[Opening RECORD EXCERPTS section]

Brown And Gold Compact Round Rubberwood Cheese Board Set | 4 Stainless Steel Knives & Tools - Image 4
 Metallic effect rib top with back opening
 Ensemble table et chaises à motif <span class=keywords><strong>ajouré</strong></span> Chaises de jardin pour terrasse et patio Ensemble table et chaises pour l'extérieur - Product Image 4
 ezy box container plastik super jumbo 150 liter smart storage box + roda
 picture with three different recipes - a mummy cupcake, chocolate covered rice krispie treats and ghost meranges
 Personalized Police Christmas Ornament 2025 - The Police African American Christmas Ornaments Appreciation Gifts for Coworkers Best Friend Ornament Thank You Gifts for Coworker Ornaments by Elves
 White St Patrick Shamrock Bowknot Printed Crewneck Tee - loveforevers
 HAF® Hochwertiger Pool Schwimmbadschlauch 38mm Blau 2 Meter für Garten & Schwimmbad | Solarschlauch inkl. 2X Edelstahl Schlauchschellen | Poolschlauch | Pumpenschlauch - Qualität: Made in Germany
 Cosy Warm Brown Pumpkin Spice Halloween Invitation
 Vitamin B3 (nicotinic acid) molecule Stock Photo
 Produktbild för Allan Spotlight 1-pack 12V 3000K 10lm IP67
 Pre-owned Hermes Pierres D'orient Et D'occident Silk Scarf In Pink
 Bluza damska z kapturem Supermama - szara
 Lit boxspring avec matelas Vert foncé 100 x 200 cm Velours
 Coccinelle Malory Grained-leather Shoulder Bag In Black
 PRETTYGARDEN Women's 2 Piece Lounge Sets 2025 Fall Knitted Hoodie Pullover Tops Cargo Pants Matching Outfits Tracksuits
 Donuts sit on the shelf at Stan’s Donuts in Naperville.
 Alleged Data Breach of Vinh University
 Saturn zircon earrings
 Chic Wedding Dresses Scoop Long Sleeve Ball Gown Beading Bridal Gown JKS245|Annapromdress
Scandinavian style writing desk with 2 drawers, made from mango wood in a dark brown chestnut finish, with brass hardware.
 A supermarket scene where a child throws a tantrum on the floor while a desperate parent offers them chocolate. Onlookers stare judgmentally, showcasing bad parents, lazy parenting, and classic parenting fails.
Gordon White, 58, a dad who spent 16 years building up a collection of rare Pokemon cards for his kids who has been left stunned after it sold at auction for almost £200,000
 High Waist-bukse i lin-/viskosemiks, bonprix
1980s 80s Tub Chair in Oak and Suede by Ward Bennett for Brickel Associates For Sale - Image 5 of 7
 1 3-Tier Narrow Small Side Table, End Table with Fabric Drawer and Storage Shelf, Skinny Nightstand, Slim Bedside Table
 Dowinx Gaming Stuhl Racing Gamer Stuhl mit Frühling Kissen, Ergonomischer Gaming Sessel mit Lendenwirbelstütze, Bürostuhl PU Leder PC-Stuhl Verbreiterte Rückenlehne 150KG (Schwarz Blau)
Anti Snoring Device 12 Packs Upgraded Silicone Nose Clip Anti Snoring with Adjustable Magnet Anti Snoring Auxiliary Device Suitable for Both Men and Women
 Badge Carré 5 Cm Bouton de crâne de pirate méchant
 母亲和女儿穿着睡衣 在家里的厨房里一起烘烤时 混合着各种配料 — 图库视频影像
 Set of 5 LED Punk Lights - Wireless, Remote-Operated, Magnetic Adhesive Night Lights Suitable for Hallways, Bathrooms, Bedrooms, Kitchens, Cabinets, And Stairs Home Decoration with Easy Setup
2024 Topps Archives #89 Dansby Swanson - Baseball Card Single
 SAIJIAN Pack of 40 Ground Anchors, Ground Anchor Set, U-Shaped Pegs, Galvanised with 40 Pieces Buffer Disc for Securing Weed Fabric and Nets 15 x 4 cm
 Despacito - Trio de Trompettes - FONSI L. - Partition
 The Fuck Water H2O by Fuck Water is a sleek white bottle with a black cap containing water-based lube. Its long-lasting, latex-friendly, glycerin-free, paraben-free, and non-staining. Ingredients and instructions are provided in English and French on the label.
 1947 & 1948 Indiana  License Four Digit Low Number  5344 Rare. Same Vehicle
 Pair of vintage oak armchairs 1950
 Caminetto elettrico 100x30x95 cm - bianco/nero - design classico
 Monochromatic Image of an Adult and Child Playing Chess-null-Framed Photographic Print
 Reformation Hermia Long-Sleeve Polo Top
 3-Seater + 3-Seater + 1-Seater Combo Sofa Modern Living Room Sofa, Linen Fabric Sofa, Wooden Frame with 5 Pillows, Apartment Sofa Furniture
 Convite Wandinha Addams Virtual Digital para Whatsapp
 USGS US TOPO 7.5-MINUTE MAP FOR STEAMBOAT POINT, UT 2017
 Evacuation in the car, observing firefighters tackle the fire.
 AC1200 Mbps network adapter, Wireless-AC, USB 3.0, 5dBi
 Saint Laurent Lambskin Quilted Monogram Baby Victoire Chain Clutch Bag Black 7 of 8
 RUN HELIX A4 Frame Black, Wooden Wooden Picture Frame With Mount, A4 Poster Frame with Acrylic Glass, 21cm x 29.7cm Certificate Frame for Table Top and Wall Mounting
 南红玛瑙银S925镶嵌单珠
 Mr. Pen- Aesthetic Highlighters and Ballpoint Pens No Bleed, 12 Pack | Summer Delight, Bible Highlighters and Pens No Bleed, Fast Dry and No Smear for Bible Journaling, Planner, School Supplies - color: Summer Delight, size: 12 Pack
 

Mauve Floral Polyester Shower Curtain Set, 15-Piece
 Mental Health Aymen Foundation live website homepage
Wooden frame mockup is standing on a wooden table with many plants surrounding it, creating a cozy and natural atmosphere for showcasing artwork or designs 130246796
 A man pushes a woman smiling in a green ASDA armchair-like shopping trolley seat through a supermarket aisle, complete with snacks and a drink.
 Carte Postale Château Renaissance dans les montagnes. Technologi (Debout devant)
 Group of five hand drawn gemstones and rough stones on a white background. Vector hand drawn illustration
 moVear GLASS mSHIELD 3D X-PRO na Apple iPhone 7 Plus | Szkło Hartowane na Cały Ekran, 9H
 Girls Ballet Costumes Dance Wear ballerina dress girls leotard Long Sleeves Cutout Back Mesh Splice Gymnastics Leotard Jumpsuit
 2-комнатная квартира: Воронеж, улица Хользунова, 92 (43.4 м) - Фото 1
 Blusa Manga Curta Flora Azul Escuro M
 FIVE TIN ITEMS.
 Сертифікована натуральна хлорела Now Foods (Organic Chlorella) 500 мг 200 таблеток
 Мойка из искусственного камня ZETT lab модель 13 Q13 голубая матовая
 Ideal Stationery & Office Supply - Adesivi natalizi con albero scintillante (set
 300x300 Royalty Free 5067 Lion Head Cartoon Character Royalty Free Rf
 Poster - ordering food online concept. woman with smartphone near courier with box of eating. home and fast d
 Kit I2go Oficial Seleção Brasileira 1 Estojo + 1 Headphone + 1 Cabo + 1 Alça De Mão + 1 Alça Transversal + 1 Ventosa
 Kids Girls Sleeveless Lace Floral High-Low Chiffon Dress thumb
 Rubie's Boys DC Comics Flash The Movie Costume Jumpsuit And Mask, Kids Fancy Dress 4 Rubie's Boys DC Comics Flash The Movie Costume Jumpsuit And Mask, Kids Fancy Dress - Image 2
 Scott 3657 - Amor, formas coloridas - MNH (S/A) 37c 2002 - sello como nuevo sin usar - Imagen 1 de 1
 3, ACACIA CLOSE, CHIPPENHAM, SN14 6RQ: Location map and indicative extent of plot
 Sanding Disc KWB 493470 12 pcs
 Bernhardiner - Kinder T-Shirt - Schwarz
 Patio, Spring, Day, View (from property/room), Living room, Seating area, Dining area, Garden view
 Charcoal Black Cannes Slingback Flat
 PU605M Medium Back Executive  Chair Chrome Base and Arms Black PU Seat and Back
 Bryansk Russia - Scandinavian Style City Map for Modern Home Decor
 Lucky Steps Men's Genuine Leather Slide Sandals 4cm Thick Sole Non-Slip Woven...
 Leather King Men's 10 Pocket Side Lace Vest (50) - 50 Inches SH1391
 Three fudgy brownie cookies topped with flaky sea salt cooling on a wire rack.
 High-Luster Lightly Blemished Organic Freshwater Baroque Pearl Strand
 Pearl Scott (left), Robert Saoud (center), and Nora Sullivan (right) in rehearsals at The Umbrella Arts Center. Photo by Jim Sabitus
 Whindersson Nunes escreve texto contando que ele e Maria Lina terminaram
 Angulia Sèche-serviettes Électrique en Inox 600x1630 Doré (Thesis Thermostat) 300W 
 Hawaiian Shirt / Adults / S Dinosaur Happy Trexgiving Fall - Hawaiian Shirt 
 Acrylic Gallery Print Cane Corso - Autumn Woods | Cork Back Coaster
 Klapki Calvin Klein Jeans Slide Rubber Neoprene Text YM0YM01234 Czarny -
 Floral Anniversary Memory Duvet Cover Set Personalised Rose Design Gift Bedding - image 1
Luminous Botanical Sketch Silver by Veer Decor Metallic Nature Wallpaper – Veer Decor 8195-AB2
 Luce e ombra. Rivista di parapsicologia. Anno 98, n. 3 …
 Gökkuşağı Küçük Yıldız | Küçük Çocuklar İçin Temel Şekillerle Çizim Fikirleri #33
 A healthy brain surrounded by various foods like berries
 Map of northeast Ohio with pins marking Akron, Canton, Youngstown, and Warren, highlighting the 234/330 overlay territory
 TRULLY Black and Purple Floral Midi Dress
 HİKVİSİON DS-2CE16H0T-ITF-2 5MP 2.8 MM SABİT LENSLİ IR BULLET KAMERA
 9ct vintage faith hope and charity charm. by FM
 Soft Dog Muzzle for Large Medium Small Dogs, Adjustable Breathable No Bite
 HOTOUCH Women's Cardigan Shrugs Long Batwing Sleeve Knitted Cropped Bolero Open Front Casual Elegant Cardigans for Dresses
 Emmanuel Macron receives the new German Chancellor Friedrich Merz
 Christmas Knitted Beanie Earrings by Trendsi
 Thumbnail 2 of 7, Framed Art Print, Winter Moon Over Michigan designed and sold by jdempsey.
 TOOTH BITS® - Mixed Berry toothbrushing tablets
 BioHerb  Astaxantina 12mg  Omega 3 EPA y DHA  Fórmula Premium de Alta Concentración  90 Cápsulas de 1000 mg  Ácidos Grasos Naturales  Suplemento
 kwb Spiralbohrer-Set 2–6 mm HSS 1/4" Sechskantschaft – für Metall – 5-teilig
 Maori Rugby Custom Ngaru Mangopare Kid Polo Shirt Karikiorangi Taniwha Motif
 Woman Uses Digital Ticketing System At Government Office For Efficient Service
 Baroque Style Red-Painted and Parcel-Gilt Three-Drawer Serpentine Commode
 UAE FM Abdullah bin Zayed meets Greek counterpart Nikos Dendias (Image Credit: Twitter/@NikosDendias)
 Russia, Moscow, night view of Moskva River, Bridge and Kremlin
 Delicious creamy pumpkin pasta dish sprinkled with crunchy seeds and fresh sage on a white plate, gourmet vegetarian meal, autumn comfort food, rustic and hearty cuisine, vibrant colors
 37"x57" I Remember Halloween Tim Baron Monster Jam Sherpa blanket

[Closing RECORD EXCERPTS section]

Return, word for word, the lines of the data above from the line with "Map of northeast" through the line with "Woman Uses Digital", inclusive.

• _YOUR RESPONSE_
 Map of northeast Ohio with pins marking Akron, Canton, Youngstown, and Warren, highlighting the 234/330 overlay territory
 TRULLY Black and Purple Floral Midi Dress
 HİKVİSİON DS-2CE16H0T-ITF-2 5MP 2.8 MM SABİT LENSLİ IR BULLET KAMERA
 9ct vintage faith hope and charity charm. by FM
 Soft Dog Muzzle for Large Medium Small Dogs, Adjustable Breathable No Bite
 HOTOUCH Women's Cardigan Shrugs Long Batwing Sleeve Knitted Cropped Bolero Open Front Casual Elegant Cardigans for Dresses
 Emmanuel Macron receives the new German Chancellor Friedrich Merz
 Christmas Knitted Beanie Earrings by Trendsi
 Thumbnail 2 of 7, Framed Art Print, Winter Moon Over Michigan designed and sold by jdempsey.
 TOOTH BITS® - Mixed Berry toothbrushing tablets
 BioHerb  Astaxantina 12mg  Omega 3 EPA y DHA  Fórmula Premium de Alta Concentración  90 Cápsulas de 1000 mg  Ácidos Grasos Naturales  Suplemento
 kwb Spiralbohrer-Set 2–6 mm HSS 1/4" Sechskantschaft – für Metall – 5-teilig
 Maori Rugby Custom Ngaru Mangopare Kid Polo Shirt Karikiorangi Taniwha Motif
 Woman Uses Digital Ticketing System At Government Office For Efficient Service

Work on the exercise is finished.